Shaun Mcallister


Shaun McAllister is another of GQA’s four Non-Executive Directors and brings a wealth of industry experience to the table. He continues to work full time in the sector, and dedicates his own time to supporting GQA.

What does being a Director of GQA mean to you?

I hope this doesn’t sound like a cliché, but it means giving something back. I’ve worked in numerous roles in the window industry over a thirty-year career, starting out as an installer and I am now a company director. I’m grateful for the opportunities it has given me, and now it’s my turn to give back to the industry. When I first started out, the sector was largely unregulated with very little training available. Today, it’s far more professionally operated with a much greater emphasis on achieving qualifications, which has got to be a good thing. I suppose when I started out it was a relatively young industry.

What do you think are the strengths of GQA?

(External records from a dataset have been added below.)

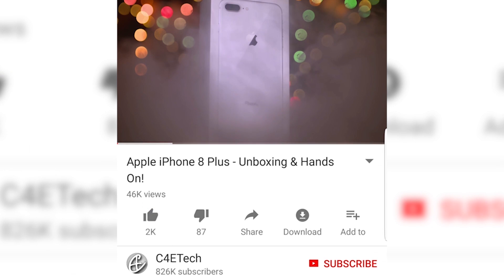Now before we start, if you like giveaways, we currently are running one, so do check that out. And if you do end up liking this video, don't forget to like, subscribe and tap that bell icon to join our notification squad.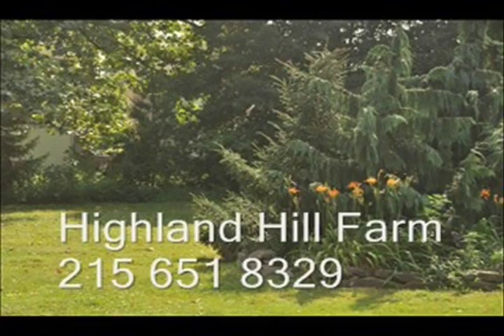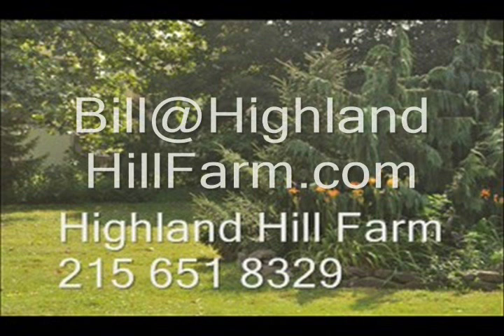No cash, no problem — we have a barter program here at Highland Hill Farm. Maybe you have something that we need, so give us a call for bartering. We also allow hunters and have a hunter access program. For more information, call us at 215-651-8329 or email us at bill@highlandhillfarm.com. Thank you.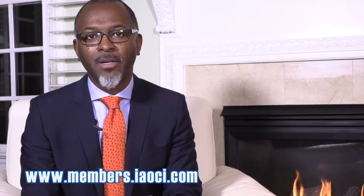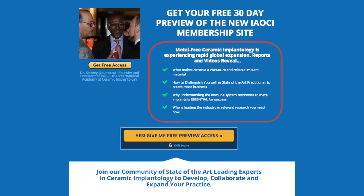This portal is going to be an environment where you could come and have access to articles, videos, recorded webinars, and earn education credits by either viewing recorded webinars, white papers, scientific articles, surgical videos — anything and everything about ceramic implants.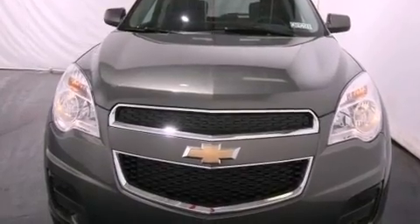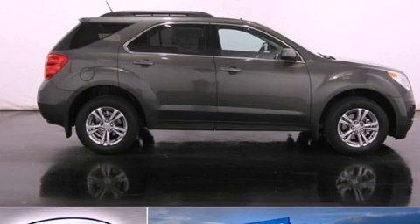This automobile won't last long at this price. Call and arrange a test drive now. Thank you.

I’d say it’s a combination of two things: its great team of people and the quality of the products it offers. By ‘products’ I mean the qualifications it develops. The GQA team is fantastic. Its people are highly experienced, having worked in the industry, and therefore they really understand its strengths and weaknesses. They fully ‘get’ what it’s like to be at the sharp end. GQA’s products truly benefit people in the industry, which is wonderful. The organisation’s great variety of qualifications spans the complete industry, and it’s exciting that it is expanding into other sectors too. Each qualification is important and relevant, i.e. it is a true measure of the requirements of the work aspect it covers. These qualifications give people something to which to aspire, and provide recognition for their hard work in achieving certain competencies. There’s nothing quite like receiving an award for something you’ve succeeded in. It sets people up for life.

What does your experience bring to the table?

All of the other GQA Non-Executive Directors have specialist experience, but I think I bring a certain amount of experience from all of the fenestration sectors, which makes me a bit of an all-rounder. This makes me pretty well-placed to be able to advise and guide the GQA team in a variety of aspects of its work, and to be able to support it. I also think that working as I do with sole traders, SMEs and large companies is useful.

What changes have you seen in GQA over the past twenty years you'd like to highlight?

The main thing is the organisation’s prolific growth in that time, despite challenges presented by the government. There’s a big demand for GQA’s qualifications. This demand is rising due to the much-publicised skills gap. I believe the fenestration industry needs to be on a similar footing to that of other industries such as plumbing in which formal training and the attainment of qualifications are a given.

How important do you feel qualifications and training are?

Very important. They are better for the individual, better for the employer and better for the customer. Not only do they help to drive up standards in the fenestration industry generally, but they are contributing to improvements in health and safety – an important area. I believe they are helping to protect employees and save lives. Quite honestly, we’ve got to be mindful of how other industries attract young people through formalised training schemes and career paths carved out via qualifications. We’ve got to make the fenestration industry compete on this level in order to attract more young people into it. They need to be able to see the availability of a clear career path so that they can perceive the fenestration industry as an attractive career proposition. Youngsters also need to be made more aware of the sheer breadth of roles available in this industry too. Building Our Skills is doing well in promoting this. It’s the SME, regional retail sector that is really struggling to attract the right people to the fenestration industry. If companies in this sector offer the right training and qualifications they are more likely to win out.

Where do you see GQA heading in the future?

I believe we simply need a period of stability, especially after the turmoil caused by Covid. We just need to focus on getting as many fenestration industry people trained up as possible in order to keep driving up standards. I can see demand for qualifications only continuing to grow. I’m proud to be associated with GQA and to be part of helping to build a brighter and increasingly professionalised industry.